「豪邸」という2文字でしか形容できないようなお邸(やしき)だった。
× × ×
出迎えてくれたのは明日美子(あすみこ)さんという女の人。
羽田さんの彼氏であるアツマさんのお母さんだ。
とっても優しく出迎えてくれた。
うちの母親とは大違いだと思ってしまった。
「明日美子さんはね、わたしのもうひとりのお母さんなのよ」
2階の羽田さんの部屋。
床でくつろぎながら羽田さんが語っている。
「産みの親がわたしの母なら、育ての親が明日美子さん」
「育ての親……」
「そうよ大井町さん。育ての親」
彼女は背伸びをしつつ軽く肩をほぐして、
「やっぱり邸(ここ)は落ち着くわね」
と言って、
「わたしが育った場所だからかな」
と言う。
「中学2年の秋から邸(ここ)に住むようになったの。
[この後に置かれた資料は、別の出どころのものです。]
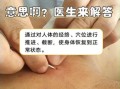 非物质文化遗产 截根术（截根术是什么 新手三分钟看懂）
多感な時期を全部この邸(いえ)で過ごしたってわけ」
そう言ってから、遠くを見るような眼になって、
「ここで過ごして……やがて、アツマくんに、恋をした」
思わず、彼女に対して、
「それは……いつだったの?」
と訊いてしまう。
「彼を好きになったのが?」
「……うん」
「自覚したのは、高校1年の夏」
反射的に、高校1年の頃の羽田さんをイメージしてしまう。
頭の中で思い描いてしまった途端に、恥ずかしさみたいなものがこみ上げ、目線が斜め下になってしまう。
「大井町さんどうしたの?? なんだか顔が赤いわよ」
細い声で、
「……赤くなんかなってないから」
と反発してしまう。
「あ」
ピンと来たように、
「高校1年のときのわたしを想像しちゃったのね」
と言う彼女……。
付け加えて、
「あなたは想像力豊かだから、ついついそんなふうになっちゃうのよね?」
「そんなふうって……どんなふう」
「赤面」
「あ、あのねえっ」
「――元気ね、すっかり」
「元気?!」
「わたしに元気に反発してるじゃないの」
「……」
× × ×
巨大なグランドピアノの前に座っている羽田さん。
「あなたのボルテージが上がり過ぎてもいけないから、音楽で落ち着かせてあげる」
「あ、上がり過ぎてなんかないから、ボルテージ」
「じゃあどうしていきなり椅子から腰を上げたりするの」
完全なる図星で、慌てて座り直す。
『しょうがないなあ……』と言いたげな微笑み。
くすぐったくさせてくる微笑み。
負けそう。
負けそう……だけど、羽田さんの奏でる音楽を聴きたいという好奇心が、次第に盛り上がってきて。
「どんな曲を弾いてほしい? なんでも弾けるけど」
えっ。
なんでも、とは。
「大井町さんが好きな音楽、教えてよ」
わたしは困ってきて、
「実は……実は、音楽、それほど詳しくは無くて」
「意外ね」
意外なの?
「じゃ、無難にクラシックのピアノ曲にしましょーか」
……どうぞ。
× × ×
羽田さんの演奏する姿。
美し過ぎて。
魅了されてしまって。
我を忘れるぐらいに。
打ちのめされて、拍手もできない。
だけど。
「まだお風呂タイムには早いかな。大きなお風呂も待ち遠しいだろうけど、もうちょっとわたしのピアノを聴いてほしい。
……って、どうして呆然となってるの、大井町さん??」
不思議そうに羽田さんが見てくる。
懸命にまっすぐ見つめ返す。
それから。
「ありがとう。
羽田さん、ありがとう。」
と、伝えたいコトバを、伝える。